== Segment start ==

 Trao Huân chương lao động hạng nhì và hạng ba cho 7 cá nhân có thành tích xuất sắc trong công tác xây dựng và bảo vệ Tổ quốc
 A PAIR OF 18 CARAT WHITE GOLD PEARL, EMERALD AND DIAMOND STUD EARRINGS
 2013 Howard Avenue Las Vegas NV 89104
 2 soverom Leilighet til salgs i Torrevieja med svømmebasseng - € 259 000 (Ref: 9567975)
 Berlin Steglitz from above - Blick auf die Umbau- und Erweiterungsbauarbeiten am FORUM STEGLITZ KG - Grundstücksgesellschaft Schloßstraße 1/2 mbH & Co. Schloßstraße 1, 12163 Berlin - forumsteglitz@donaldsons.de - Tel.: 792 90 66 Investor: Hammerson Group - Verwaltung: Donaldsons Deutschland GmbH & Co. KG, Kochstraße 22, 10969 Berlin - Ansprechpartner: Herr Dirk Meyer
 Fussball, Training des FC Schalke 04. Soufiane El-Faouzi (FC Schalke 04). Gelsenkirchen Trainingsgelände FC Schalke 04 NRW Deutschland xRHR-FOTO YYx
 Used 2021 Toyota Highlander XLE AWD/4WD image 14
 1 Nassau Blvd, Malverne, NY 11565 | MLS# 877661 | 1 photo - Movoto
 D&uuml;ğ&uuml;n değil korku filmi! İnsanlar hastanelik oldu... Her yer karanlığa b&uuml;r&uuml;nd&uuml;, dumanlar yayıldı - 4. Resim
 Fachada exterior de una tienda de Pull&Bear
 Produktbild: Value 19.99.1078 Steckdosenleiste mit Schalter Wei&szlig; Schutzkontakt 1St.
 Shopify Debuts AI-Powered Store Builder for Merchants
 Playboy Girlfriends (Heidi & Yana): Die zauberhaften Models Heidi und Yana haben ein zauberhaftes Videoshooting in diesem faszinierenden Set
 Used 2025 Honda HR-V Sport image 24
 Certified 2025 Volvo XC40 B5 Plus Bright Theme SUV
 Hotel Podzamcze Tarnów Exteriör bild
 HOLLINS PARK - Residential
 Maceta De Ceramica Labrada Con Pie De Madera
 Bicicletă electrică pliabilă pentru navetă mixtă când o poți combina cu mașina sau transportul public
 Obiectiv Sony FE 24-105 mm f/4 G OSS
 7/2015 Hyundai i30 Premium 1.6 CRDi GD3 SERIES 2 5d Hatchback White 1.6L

== Segment end ==

• **Description of the task**
Copy out every line of the data that includes "Used".

• **Solution**
 Used 2021 Toyota Highlander XLE AWD/4WD image 14
 Used 2025 Honda HR-V Sport image 24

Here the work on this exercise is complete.